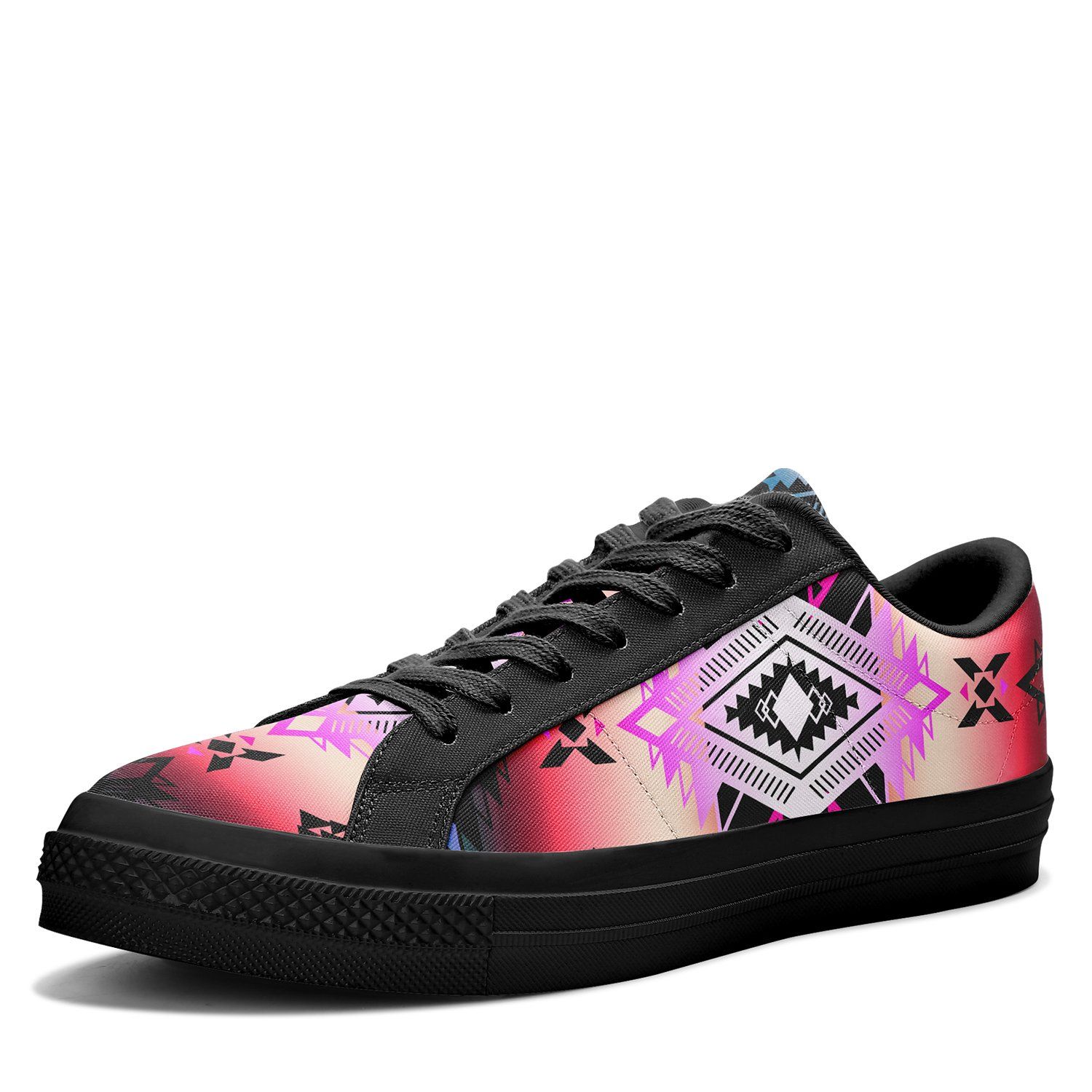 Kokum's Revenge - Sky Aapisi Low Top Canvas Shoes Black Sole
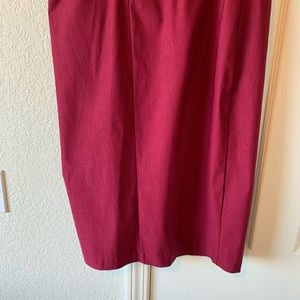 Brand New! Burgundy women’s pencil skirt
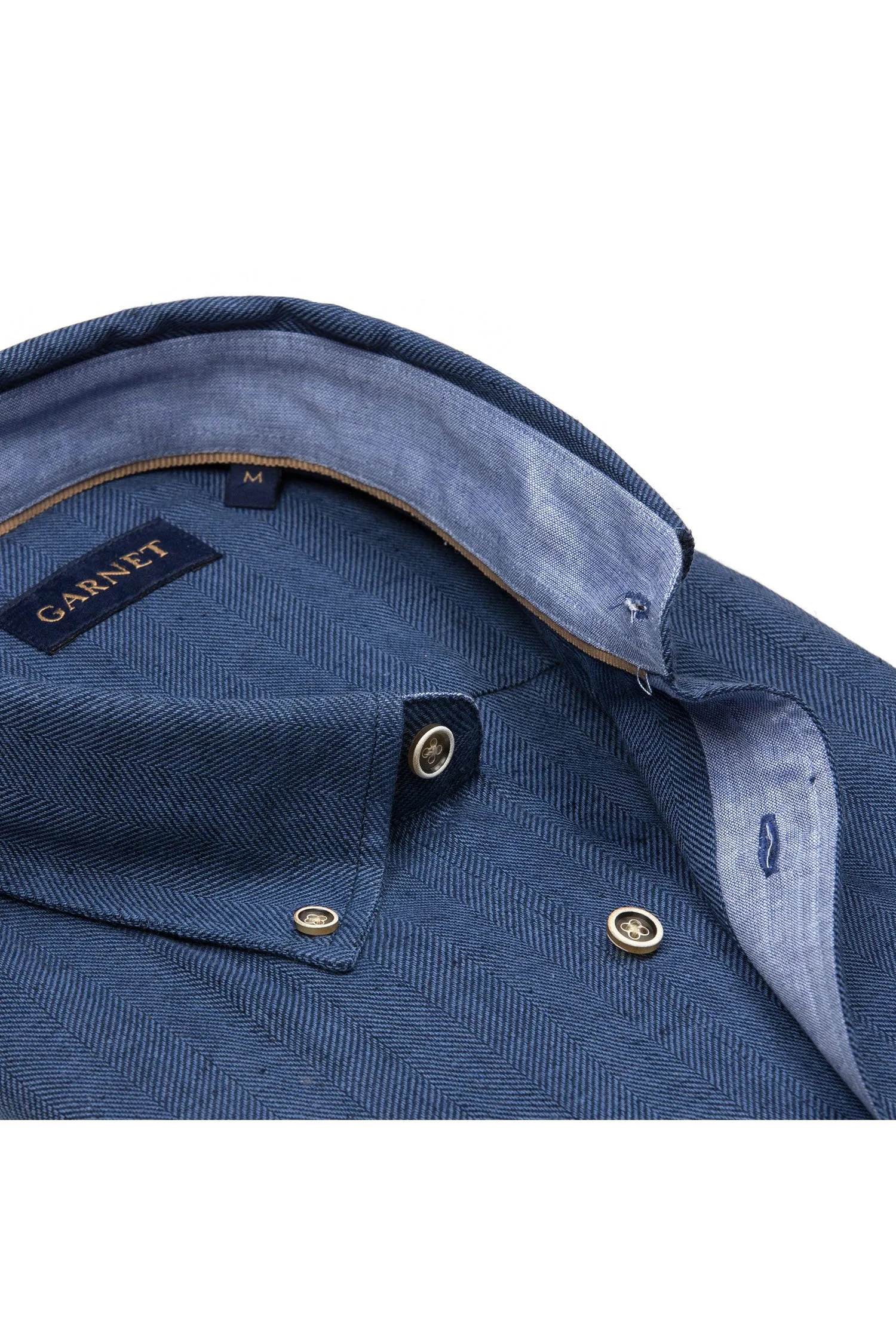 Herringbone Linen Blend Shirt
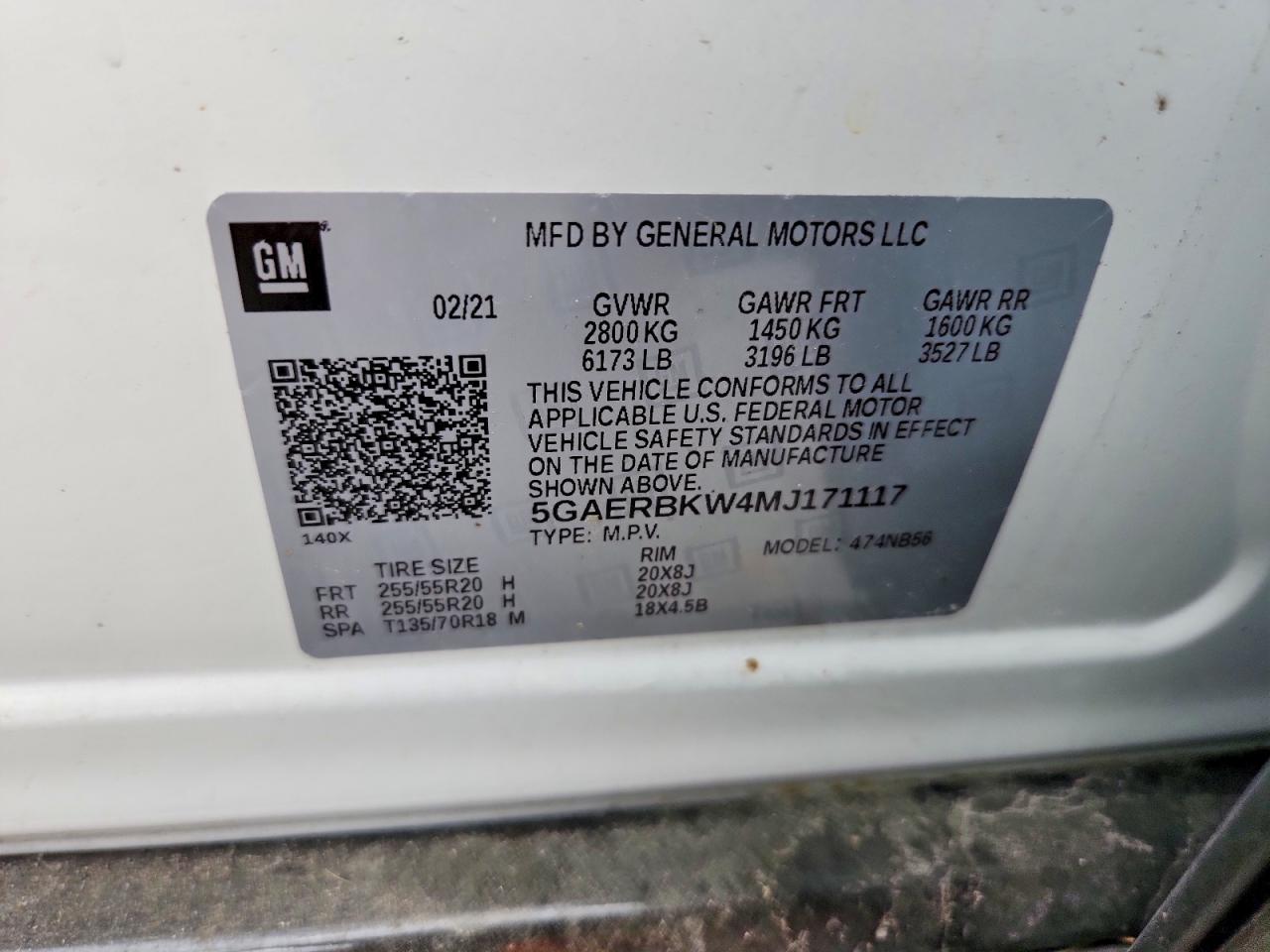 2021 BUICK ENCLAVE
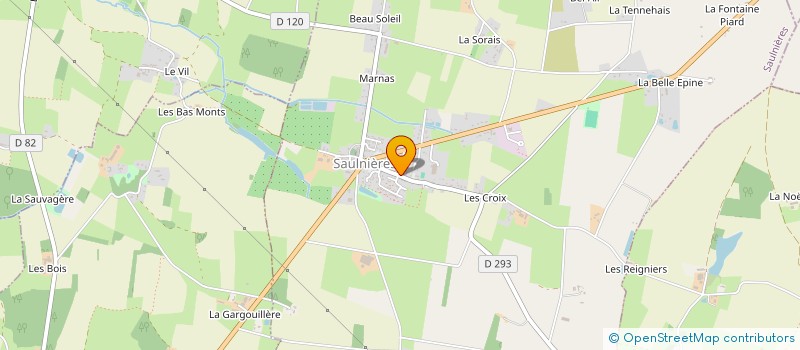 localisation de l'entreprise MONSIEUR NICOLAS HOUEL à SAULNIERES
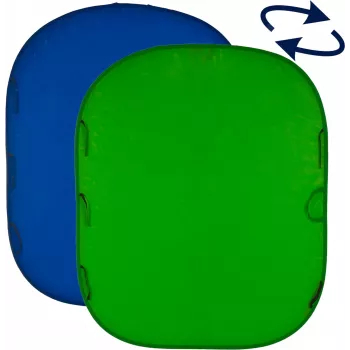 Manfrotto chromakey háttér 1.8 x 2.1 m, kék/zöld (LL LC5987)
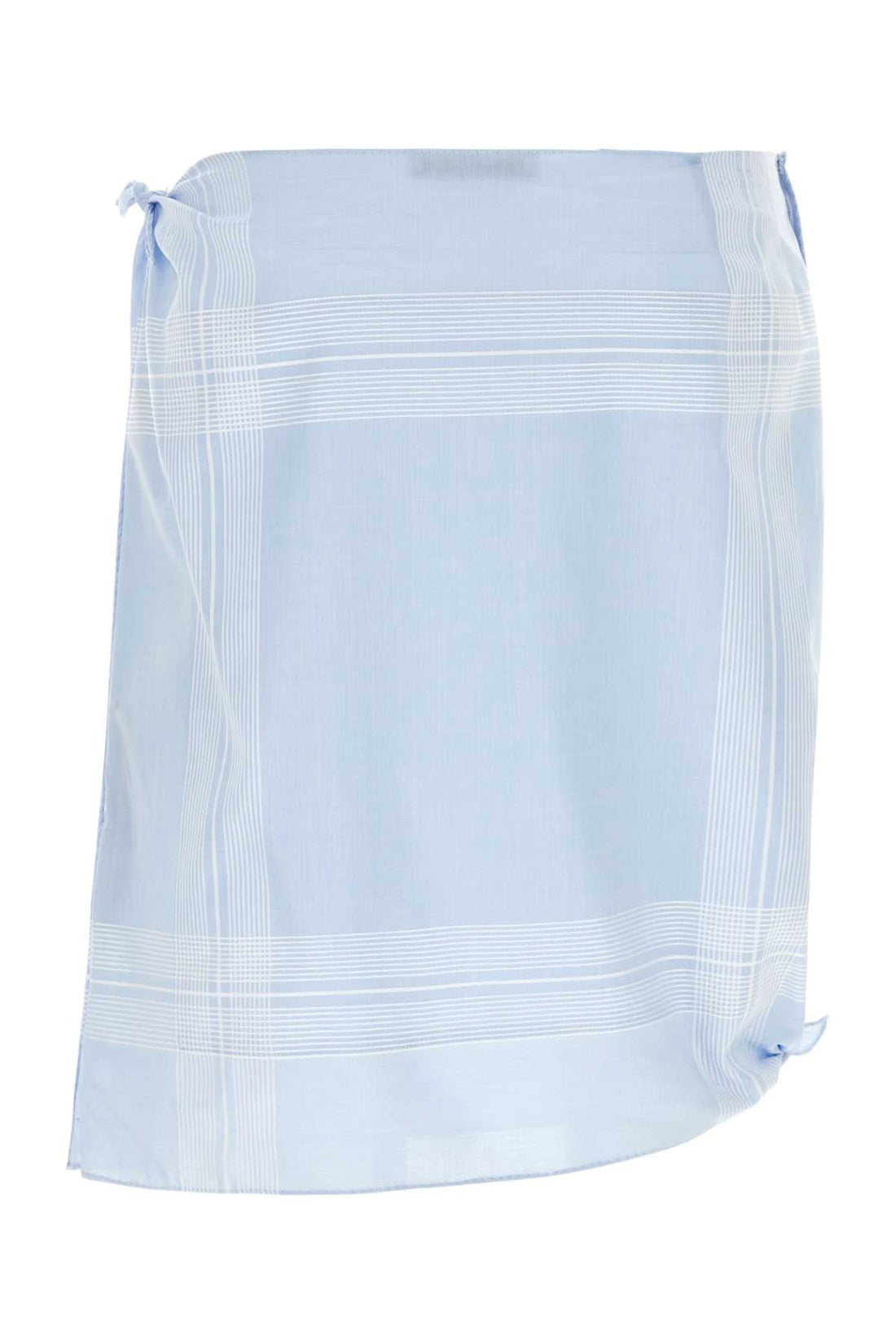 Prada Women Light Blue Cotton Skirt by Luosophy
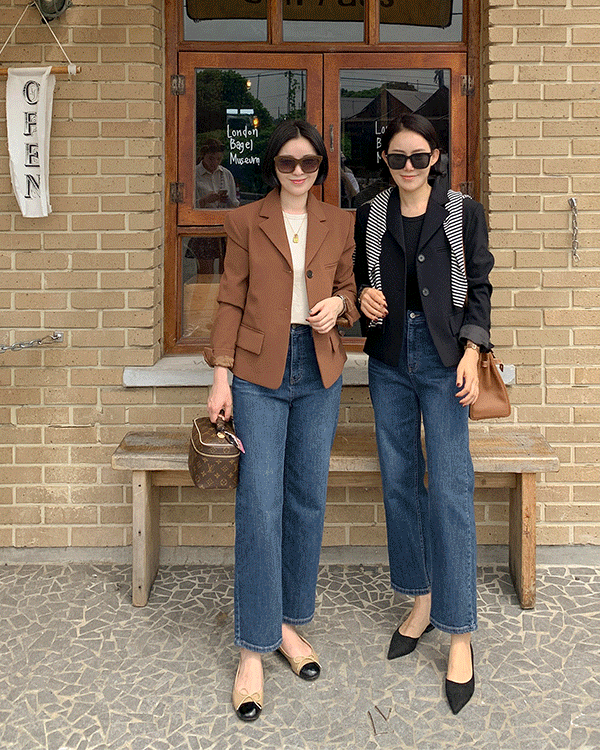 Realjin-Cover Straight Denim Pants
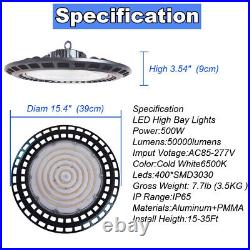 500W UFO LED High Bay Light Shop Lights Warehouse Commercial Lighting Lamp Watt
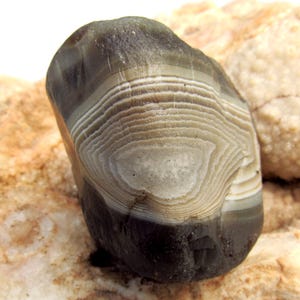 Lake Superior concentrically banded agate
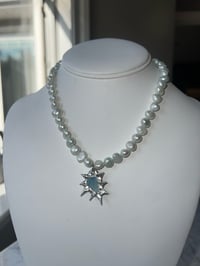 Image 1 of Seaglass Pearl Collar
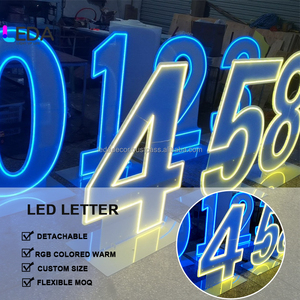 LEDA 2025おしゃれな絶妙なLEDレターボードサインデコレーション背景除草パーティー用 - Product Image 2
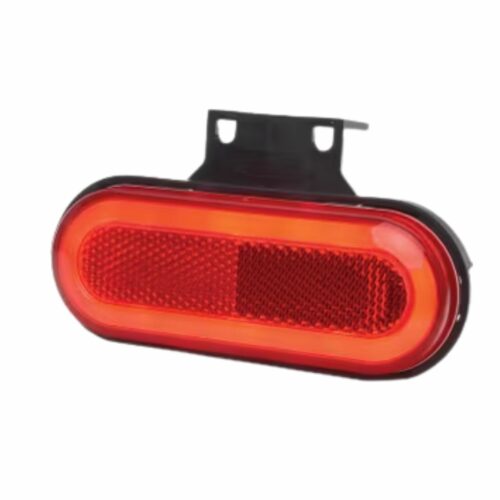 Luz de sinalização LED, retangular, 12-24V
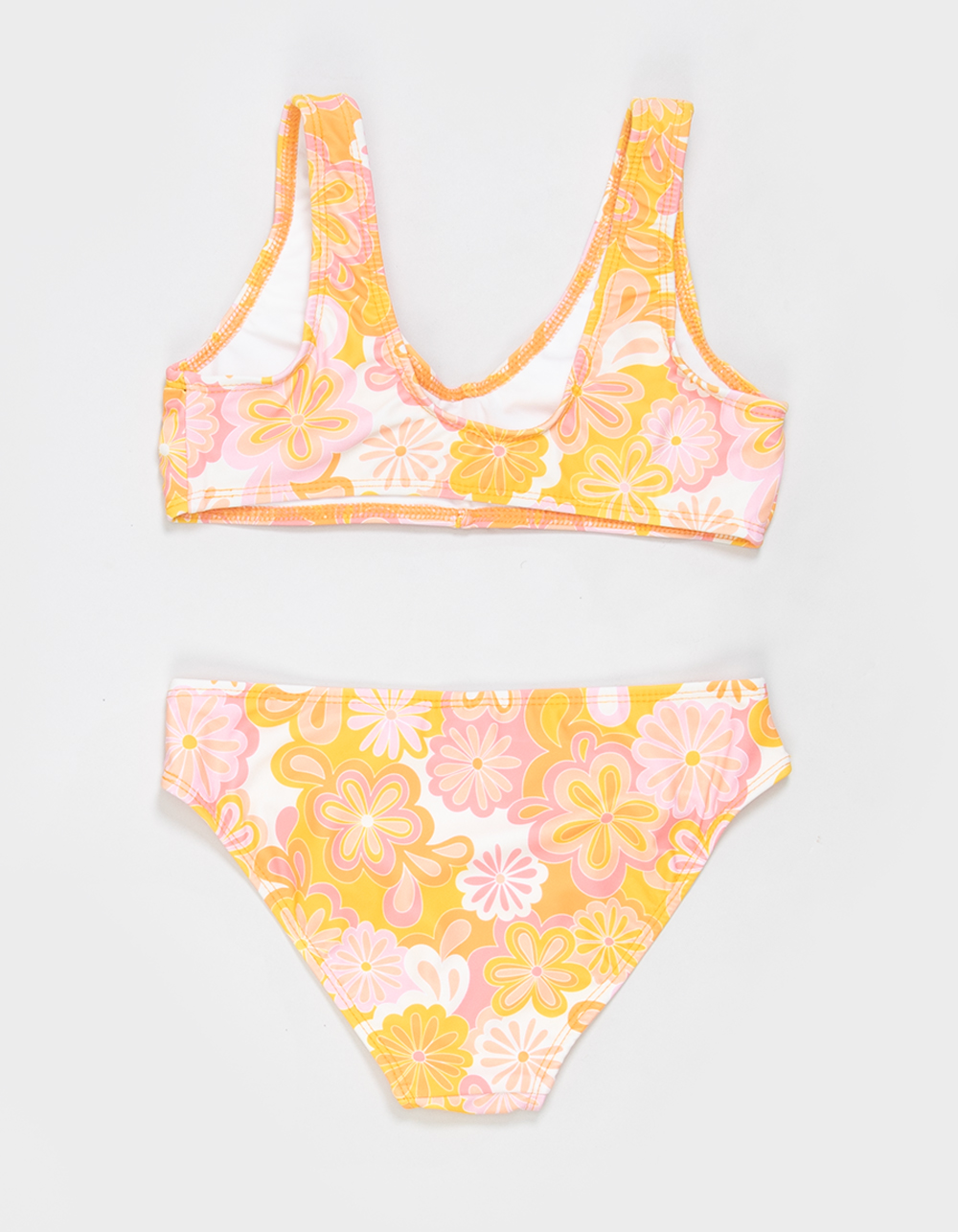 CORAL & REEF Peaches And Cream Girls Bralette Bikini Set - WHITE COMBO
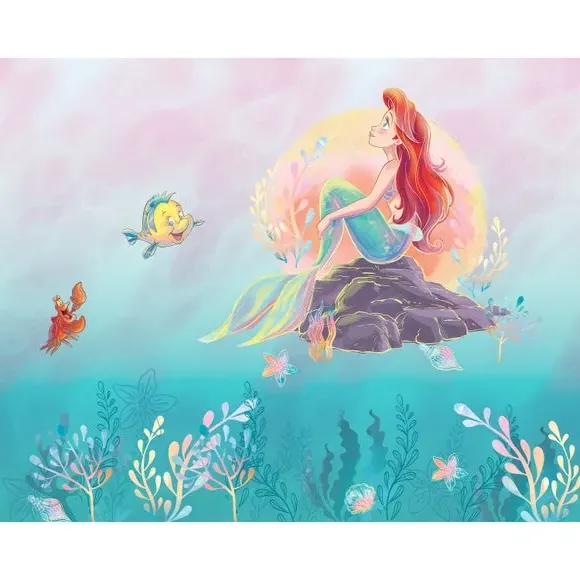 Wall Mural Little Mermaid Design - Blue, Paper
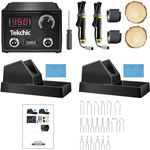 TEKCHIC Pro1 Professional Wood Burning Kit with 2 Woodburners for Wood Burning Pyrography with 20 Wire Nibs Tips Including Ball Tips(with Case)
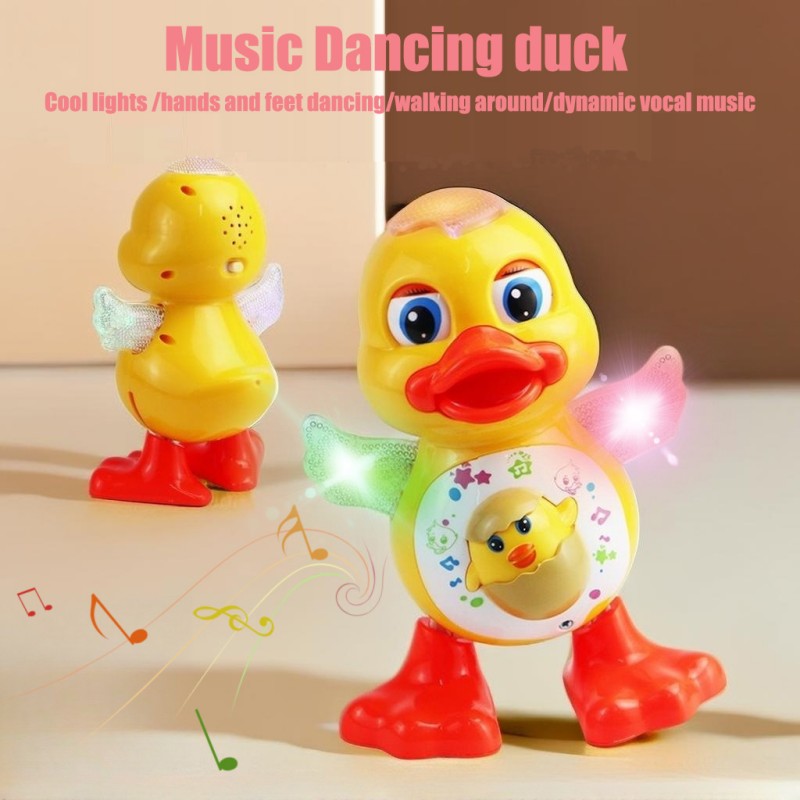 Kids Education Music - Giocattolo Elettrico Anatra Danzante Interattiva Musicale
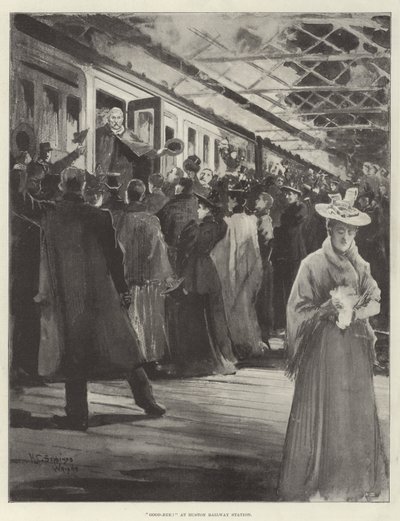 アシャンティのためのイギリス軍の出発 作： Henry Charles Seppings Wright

• _Exercise_
Repeat exactly, and only, the entries from the line with "Luz de sinalização LED, retangular, 12-24V" through the line with "Wall Mural Little". Pictures are skipped.

• _Result_
 Luz de sinalização LED, retangular, 12-24V
 CORAL & REEF Peaches And Cream Girls Bralette Bikini Set - WHITE COMBO
 Wall Mural Little Mermaid Design - Blue, Paper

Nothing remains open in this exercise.